WHAT TO PRODUCE: Give again, exactly, every line of the entries below from the one that has "Дамски дънки Zara" to the last.

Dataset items

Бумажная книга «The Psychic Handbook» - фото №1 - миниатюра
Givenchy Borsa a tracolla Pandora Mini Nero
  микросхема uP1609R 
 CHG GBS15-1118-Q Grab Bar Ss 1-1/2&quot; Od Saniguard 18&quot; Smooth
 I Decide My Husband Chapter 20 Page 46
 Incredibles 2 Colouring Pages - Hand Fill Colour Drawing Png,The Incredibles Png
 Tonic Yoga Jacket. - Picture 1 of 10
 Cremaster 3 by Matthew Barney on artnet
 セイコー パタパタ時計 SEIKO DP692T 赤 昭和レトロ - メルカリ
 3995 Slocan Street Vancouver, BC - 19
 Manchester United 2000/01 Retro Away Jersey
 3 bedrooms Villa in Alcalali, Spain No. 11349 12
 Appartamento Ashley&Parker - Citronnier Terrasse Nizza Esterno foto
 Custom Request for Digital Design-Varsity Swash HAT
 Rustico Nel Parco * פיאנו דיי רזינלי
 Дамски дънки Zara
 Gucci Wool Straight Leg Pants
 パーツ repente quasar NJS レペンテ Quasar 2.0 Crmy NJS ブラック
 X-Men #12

RESULT OF THIS TASK:
 Дамски дънки Zara
 Gucci Wool Straight Leg Pants
 パーツ repente quasar NJS レペンテ Quasar 2.0 Crmy NJS ブラック
 X-Men #12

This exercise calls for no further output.